6.30 Welcome, free pizza+beer
Talks start at 7pm
"Creating Usable Customer Intelligence from Social Media Data: Network Analytics meets Text Mining" by Rosaria Silipo, Sr. Data Scientist @Knime
Rosaria will show an integrated approach that retrieves and combines information using text mining as well as network analysis techniques from a public forum using open data and open source tools. Each forum user is described in terms of a leadership score, calculated using a network analytics algorithm, and an attitude value, produced by a text-mining based sentiment analysis procedure.
"Scraping and parsing PDFs in Python" by Ian Hopkinson, Sr. Data Scientist @Scraperwiki
In this talk Ian will show a specific example of scraping and structuring the verbatim records of the UN which are provided as PDF files, and demonstrate some techniques using Python.
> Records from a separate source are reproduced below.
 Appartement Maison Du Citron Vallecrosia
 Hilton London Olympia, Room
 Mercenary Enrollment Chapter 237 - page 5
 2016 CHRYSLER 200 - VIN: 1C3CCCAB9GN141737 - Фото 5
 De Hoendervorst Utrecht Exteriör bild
He will also make some comments on the coding process for data scientists and how it contrasts with conventional software development.
Beer Break, Networking around, and Community Update
"Lucene & Hadoop: Together at Last" by Doug Cutting, Chief Architect @Cloudera
Fifteen years ago, Doug wrote a search engine called Lucene. Seven years ago, he helped to found the Hadoop project. Now these two projects are combined in a platform that, among other things, supports scalable, distributed search using Lucene on top of Hadoop. Doug will tell the story of how these projects grew and how they finally came together.
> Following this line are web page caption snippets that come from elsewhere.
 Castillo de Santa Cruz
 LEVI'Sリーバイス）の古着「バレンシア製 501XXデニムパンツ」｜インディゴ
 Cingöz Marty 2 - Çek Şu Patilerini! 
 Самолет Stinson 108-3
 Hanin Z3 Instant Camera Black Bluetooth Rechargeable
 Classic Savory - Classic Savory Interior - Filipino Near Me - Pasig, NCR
"Disambiguating brands in social media: detecting the right "apples"and "oranges" with Python and scikit-learn" by Ian Ozsvald, independent Data Scientist
Existing Named Entity Recognition APIs are poorly suited to recognising brands in tweets. Ian is building an open sourced Python tool using scikit-learn and NLTK to classify brands better than the existing APIs. This will be an early report on his progress, discussing the linguistic difficulties faced by existing tools and showing the prototype to date.
Session ends by 9.30pm-ish